Dicen que el tiempo cura heridas, grave error, el tiempo por el contrario no perdona; no perdona a aquellos que no actuaron cuando las circunstancias lo permitían, independientemente de la gravedad del momento, fuese con gran antelación o queriendo ganar en el último minuto. El tiempo – como suele decir mi padre – es el único recurso que no regresa. Por ende, estoicamente, cabría concentrarse en lo que se puede hacer aquí y ahora.
Eso no implica que no tracemos un plan, unas metas y objetivos. Pero tanto el diseño de estos elementos como el cumplimiento de los mismos recibe una fuerte incidencia del discurso, del relato que nos contamos a nosotros mismos y que nos impide desarrollarnos.

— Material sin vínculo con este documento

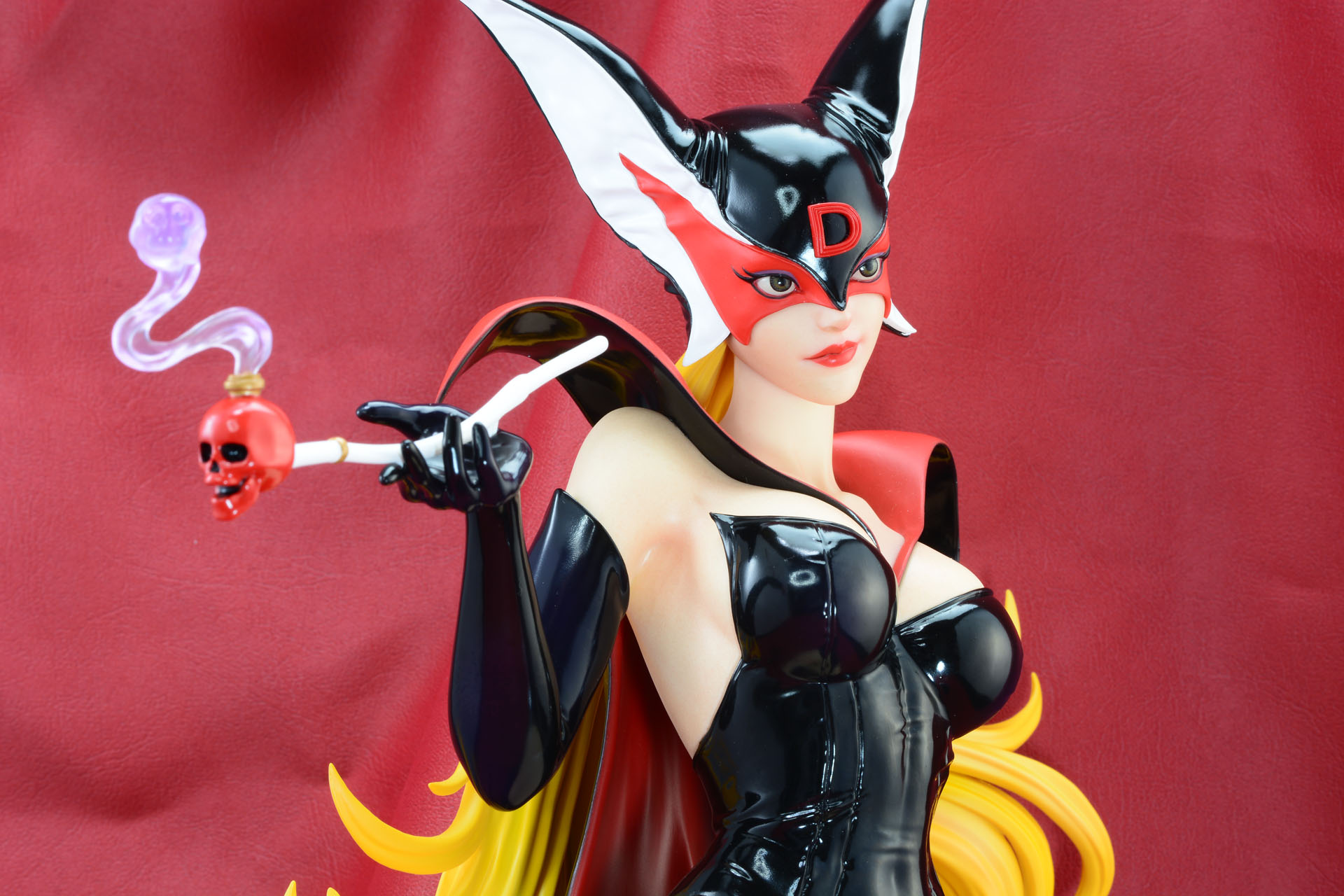 赤いフェイクレザーを背景に。ドロンジョの黒が活きる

Ecuador requiere cambiar el chip, reprogramar el sistema, no esmerarse en una actualización del mismo con diferentes nombres y colores. Para lograr el tan afamado cambio es importante que conozcamos nuestra historia, que determinemos hacia donde queremos ir, que trascendamos el discurso y que actuemos ahora. Los vencedores son aquellos que aprovechan el tiempo y no los que esperan que este caudal los lleve a pastos más verdes.

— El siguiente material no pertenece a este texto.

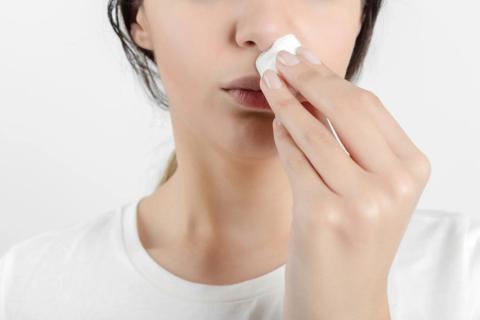 Photo illustration of a nose bleed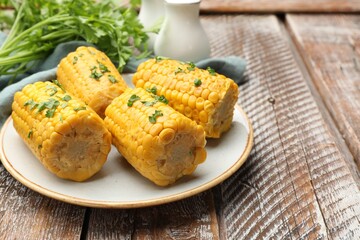 Pieces of boiled corncobs with parsley on wooden table, closeup. Space for text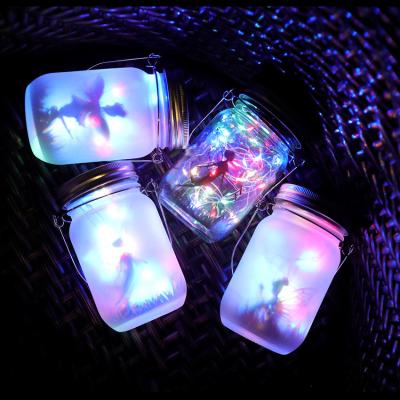 China Outdoor Waterproof Solar Powered Mason Jar Fairy Lights Garden Hanging Hand Etched Light Mason Bottle Night Light for sale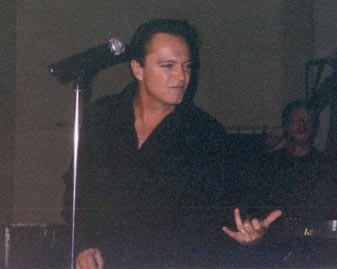 David plays air guitar.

En palabras de Soren Kierkegaard, la vida se entiende hacia atrás, pero se vive hacia adelante. Dejemos atrás el desarraigo profundo que el correísmo propicia desde los ecuatorianos hacia su propio suelo, dejemos atrás el resentimiento social y los miramientos por debajo del hombro. Hay candidatos que no nos gustan, opiniones que no nos gustan, ideas que no nos gustan, pero que son aquellas con las que tenemos que trabajar por ahora. Solo aceptando radicalmente lo que el presente nos ofrece podremos dejar de planificar discursos y comenzaremos a planificar el futuro.